Brendan Gleeson as the saintly Father James and Aiden Gillen as the sinful Dr. Frank.

Calvary benefits from McDonagh‘s writing with dialogue that is as bracing as a strong shot of Irish whiskey and a pace and direction that will likely reward repeated viewings. Gleeson and McDonagh seem to be a match made in heaven (be on the lookout for a subsequent post on this), as the later crafts ideal roles for the former. It’s hard to imagine another actor playing Father James (or Gerry Boyle in The Guard) as effectively as Gleeson with his frame, weathered face, grace, compassion, and potential to erupt like a volcano. The cinematography by Larry Smith is what a script and performances like this deserve.

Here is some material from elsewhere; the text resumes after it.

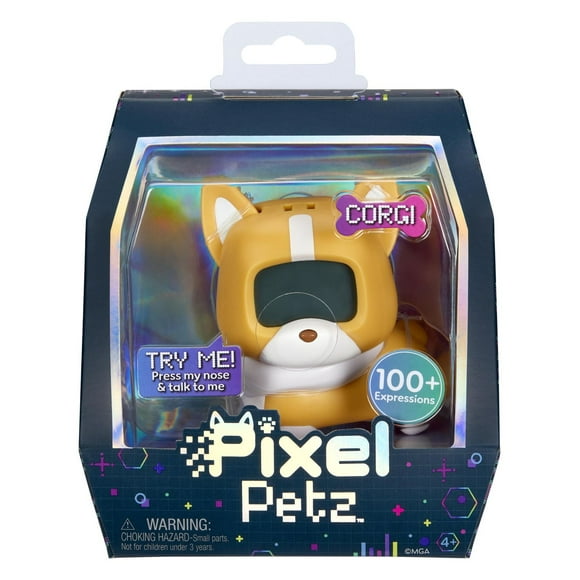 Pixel Petz – Corgi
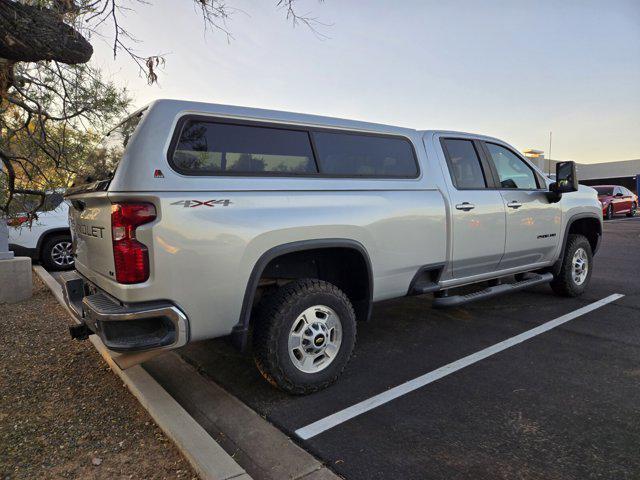 used 2020 Chevrolet Silverado 2500 car, priced at $34,999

Calvary is a clear response to the sex abuse scandals in the Catholic church, but it goes deeper than that. It’s also a reflection on the failings of the larger church as a whole in its contemporary context, which itself is also terribly broken. All (or most) of the characters might despise the church because of its sinful priests, but their own lives represent moral failing and a lack of moral/ethical instruction/insight in the broader culture. Part of the beauty of the film is seeing how Father James moves through both of those broken systems. In a very real way, he carries the weight of the sinful world on one shoulder and the weight of the sinful church on the other. Fiona asks her father about sin, and he responds, “There’s been too much talk of sins and not enough talk about virtues.”

Many critics have talked about this being a modern version of a Passion Play in which the Christ-like Father James moves through the village doing his good work as he slowly marches toward his own death. This is not a new feature of McDonagh’s writing, or his brother Martin’s for that matter, as he did something similar with Gerry Boyle in The Guard. The brothers McDonagh create fully realized worlds where characters promise and the plot delivers. So while we may know what’s coming in terms of events, the way they unfold and the way the characters talk to one another point to deeper revelations. The final standoff between Father James and his murderer is especially telling, as Father James admits that he cried over the death of his dog, but not when he heard the news of priests sexually abusing children.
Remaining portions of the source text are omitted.